Material provided START

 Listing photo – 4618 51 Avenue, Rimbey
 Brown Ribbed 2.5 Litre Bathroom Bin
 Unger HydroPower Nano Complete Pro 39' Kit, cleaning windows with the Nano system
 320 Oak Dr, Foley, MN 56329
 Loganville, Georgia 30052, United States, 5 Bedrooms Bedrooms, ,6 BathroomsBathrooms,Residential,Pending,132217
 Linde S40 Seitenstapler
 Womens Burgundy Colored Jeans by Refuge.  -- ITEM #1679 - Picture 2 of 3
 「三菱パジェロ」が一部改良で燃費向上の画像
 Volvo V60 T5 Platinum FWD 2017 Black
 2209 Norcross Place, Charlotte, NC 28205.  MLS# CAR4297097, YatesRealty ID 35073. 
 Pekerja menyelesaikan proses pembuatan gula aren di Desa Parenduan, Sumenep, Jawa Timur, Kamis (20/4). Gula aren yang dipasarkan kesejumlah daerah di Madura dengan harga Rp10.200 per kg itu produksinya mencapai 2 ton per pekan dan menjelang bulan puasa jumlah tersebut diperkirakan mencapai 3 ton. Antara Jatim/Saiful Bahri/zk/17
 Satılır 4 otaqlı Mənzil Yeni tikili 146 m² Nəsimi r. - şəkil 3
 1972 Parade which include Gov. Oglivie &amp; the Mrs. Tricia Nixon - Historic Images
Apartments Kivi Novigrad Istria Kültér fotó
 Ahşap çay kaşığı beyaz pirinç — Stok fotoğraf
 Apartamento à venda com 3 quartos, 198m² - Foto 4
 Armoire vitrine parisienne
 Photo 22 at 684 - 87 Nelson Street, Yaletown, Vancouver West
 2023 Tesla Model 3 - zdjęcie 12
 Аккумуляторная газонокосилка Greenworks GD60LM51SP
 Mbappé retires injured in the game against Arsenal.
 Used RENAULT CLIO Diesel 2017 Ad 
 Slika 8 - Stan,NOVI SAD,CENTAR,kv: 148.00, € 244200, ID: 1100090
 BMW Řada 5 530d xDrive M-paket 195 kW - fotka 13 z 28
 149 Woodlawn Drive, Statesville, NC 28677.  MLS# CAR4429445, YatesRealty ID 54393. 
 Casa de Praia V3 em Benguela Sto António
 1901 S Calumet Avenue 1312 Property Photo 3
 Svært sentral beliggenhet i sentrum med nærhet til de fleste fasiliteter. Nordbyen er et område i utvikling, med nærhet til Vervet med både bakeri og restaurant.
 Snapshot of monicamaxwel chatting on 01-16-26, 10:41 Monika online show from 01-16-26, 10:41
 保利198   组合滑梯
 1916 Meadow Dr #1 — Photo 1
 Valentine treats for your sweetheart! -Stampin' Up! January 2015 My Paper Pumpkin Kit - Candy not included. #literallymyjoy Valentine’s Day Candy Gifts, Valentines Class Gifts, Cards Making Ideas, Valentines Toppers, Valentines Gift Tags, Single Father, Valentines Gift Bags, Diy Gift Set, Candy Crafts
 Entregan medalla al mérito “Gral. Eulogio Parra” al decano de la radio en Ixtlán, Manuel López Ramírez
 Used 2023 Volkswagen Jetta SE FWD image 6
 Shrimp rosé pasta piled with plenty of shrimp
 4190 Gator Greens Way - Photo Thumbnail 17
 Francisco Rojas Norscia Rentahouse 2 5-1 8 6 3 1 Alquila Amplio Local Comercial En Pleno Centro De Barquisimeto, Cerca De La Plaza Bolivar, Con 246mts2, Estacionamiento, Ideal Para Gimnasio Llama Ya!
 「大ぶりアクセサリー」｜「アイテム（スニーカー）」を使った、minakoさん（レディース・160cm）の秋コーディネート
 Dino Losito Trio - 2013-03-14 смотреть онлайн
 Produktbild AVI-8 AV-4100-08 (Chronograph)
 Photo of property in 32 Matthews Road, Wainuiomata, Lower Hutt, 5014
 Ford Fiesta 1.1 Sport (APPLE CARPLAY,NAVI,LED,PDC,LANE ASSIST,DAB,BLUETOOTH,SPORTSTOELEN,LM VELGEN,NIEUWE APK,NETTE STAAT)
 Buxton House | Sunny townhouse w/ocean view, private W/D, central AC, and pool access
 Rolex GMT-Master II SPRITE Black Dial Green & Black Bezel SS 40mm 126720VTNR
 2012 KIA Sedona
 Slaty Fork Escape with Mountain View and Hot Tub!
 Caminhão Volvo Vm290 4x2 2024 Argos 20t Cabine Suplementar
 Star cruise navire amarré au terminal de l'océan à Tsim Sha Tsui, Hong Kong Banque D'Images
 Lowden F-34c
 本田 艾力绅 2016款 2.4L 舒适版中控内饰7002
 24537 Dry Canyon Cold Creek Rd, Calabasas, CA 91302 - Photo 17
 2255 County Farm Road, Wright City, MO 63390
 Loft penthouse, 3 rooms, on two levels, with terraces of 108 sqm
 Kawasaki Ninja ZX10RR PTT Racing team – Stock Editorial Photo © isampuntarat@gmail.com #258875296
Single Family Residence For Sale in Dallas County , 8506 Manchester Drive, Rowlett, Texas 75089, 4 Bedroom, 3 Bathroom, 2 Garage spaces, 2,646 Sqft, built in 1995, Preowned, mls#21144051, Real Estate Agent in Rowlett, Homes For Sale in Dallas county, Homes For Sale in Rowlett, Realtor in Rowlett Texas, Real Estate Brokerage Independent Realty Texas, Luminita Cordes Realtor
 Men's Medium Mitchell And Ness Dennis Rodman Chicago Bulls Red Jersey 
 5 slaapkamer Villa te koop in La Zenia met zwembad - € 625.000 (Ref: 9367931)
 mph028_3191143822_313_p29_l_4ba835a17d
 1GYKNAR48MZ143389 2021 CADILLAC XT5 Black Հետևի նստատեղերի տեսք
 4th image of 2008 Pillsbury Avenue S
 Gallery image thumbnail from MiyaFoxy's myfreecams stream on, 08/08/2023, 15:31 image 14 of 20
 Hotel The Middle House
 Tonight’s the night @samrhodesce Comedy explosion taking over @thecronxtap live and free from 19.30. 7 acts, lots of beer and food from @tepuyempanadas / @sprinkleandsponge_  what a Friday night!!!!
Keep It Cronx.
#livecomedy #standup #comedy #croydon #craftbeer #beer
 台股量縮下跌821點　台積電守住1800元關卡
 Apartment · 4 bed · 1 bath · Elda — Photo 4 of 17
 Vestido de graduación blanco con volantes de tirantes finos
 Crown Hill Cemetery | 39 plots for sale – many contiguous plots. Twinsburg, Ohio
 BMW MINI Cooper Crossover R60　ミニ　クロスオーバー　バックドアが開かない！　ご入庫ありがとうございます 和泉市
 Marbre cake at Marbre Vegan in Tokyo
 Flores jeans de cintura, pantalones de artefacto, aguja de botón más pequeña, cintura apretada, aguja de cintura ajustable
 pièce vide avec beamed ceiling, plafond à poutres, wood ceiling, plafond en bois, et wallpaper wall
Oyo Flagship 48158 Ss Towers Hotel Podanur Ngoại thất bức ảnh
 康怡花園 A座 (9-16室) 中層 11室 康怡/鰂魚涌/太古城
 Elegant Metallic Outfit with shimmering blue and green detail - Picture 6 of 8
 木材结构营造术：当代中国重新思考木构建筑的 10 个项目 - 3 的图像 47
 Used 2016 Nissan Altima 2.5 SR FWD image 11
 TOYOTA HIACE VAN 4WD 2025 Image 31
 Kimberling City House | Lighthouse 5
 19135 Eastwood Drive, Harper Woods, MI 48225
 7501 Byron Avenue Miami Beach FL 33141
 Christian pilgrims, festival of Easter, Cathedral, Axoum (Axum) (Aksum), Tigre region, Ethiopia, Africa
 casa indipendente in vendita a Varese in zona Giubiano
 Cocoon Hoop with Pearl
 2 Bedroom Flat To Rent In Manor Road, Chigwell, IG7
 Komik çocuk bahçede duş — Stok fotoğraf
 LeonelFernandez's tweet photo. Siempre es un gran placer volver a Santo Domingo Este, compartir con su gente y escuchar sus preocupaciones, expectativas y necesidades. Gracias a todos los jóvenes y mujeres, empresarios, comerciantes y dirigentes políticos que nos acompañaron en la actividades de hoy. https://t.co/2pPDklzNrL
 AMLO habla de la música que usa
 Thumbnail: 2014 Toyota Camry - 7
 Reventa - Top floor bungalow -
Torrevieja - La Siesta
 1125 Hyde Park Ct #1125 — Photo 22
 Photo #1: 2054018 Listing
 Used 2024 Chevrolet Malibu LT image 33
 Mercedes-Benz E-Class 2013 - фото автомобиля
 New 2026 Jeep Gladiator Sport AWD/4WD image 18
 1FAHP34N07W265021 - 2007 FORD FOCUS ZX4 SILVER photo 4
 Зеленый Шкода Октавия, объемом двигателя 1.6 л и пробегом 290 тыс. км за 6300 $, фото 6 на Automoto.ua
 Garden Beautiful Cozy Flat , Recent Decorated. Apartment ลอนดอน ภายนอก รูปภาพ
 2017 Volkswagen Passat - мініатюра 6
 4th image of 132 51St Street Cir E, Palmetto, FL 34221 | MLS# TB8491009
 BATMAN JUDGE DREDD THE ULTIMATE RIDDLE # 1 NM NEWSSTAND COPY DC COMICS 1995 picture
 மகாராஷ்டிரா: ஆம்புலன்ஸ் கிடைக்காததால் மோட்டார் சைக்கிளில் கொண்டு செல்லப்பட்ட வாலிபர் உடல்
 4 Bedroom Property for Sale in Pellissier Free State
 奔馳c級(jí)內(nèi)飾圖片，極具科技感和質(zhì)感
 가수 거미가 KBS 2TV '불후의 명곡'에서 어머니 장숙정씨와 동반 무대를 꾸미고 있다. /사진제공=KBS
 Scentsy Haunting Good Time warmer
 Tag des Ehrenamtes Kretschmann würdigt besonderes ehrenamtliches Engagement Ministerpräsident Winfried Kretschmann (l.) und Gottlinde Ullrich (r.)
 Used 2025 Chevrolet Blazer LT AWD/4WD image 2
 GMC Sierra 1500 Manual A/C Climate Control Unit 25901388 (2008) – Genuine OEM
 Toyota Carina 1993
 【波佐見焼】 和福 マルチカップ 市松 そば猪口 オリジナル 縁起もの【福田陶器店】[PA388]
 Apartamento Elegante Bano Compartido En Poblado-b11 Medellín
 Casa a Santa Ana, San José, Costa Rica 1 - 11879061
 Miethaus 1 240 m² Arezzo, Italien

Material provided END

— What is required —
Whenever a line in the data holds "Apartamento", copy that line.

— Task response —
 Apartamento à venda com 3 quartos, 198m² - Foto 4
 Apartamento Elegante Bano Compartido En Poblado-b11 Medellín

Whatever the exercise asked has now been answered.